12  Reinforcement Learning

Reinforcement learning (RL) is a type of machine learning where an agent learns to make decisions by interacting with an environment. Unlike other learning paradigms, RL has several distinctive characteristics:

In a reinforcement learning problem, the interaction between the agent and environment follows a specific pattern:

The interaction cycle proceeds as follows:

  1. Agent observes the current state \(s^{(i)}\)
  2. Agent selects and executes an action \(a^{(i)}\)
  3. Agent receives a reward \(r^{(i)}\) from the environment
  4. Agent observes the new state \(s^{(i+1)}\)
  5. Agent selects and executes a new action \(a^{(i+1)}\)
  6. Agent receives a new reward \(r^{(i+1)}\)
  7. This cycle continues…

Similar to MDP Chapter 11, in an RL problem, the agent’s goal is to learn a policy - a mapping from states to actions - that maximizes its expected cumulative reward over time. This policy guides the agent’s decision-making process, helping it choose actions that lead to the most favorable outcomes.

12.1 Reinforcement learning algorithms overview

Approaches to reinforcement learning differ significantly according to what kind of hypothesis or model is being learned.

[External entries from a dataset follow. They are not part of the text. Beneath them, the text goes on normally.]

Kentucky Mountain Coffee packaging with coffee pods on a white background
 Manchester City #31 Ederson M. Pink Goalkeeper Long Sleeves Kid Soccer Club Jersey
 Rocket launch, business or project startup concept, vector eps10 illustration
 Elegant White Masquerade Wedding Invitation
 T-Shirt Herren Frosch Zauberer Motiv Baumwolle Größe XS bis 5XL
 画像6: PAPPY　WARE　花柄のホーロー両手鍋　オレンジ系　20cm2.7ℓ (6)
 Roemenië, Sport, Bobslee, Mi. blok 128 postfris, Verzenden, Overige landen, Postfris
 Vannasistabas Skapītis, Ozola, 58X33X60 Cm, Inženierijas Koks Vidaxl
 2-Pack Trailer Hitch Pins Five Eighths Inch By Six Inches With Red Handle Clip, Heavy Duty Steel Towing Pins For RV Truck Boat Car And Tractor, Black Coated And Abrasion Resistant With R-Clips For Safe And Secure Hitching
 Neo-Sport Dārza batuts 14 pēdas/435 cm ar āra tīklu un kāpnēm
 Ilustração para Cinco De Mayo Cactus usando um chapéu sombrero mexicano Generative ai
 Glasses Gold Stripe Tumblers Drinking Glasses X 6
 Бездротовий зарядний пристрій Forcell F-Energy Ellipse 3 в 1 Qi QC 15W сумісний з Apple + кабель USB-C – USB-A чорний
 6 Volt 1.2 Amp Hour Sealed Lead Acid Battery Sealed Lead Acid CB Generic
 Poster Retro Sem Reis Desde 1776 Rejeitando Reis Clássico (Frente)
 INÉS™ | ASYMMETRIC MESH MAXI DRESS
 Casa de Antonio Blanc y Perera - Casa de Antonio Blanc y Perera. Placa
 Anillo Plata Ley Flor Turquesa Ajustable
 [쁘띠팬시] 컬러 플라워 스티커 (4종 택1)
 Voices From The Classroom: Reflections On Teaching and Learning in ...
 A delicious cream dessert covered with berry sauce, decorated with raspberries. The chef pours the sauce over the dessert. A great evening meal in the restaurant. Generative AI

Roughly speaking, RL methods can be categorized into model-free methods and model-based methods. The main distinction is that model-based methods explicitly learn the transition and reward models to assist the end-goal of learning a policy; model-free methods do not. We will start our discussion with the model-free methods, and introduce two of the arguably most popular types of algorithms, Q-learning Section 12.1.2 and policy gradient Section 12.3. We then describe model-based methods Section 12.4. Finally, we briefly consider “bandit” problems Section 12.5, which can be viewed as a simplified RL setting with no state transitions (or a trivial one-state MDP), where the main issue is exploration versus exploitation across actions.

12.1.1 Model-free methods

Model-free methods are methods that do not explicitly learn transition and reward models. Depending on what is explicitly being learned, model-free methods are sometimes further categorized into value-based methods (where the goal is to learn/estimate a value function) and policy-based methods (where the goal is to directly learn an optimal policy). It’s important to note that such categorization is approximate and the boundaries are blurry. In fact, current RL research tends to combine the learning of value functions, policies, and transition and reward models all into a complex learning algorithm, in an attempt to combine the strengths of each approach.

12.1.2 Q-learning

Q-learning is a frequently used class of RL algorithms that concentrates on learning (estimating) the state-action value function, i.e., the \(\mathrm{Q}\) function. Specifically, recall the MDP value-iteration update:

\[ \begin{equation} \mathrm{Q}(s,a) = \mathrm{R}(s,a) + \gamma \sum_{s'} \mathrm{T}(s,a,s')\max_{a'}\mathrm{Q}(s',a') \end{equation} \]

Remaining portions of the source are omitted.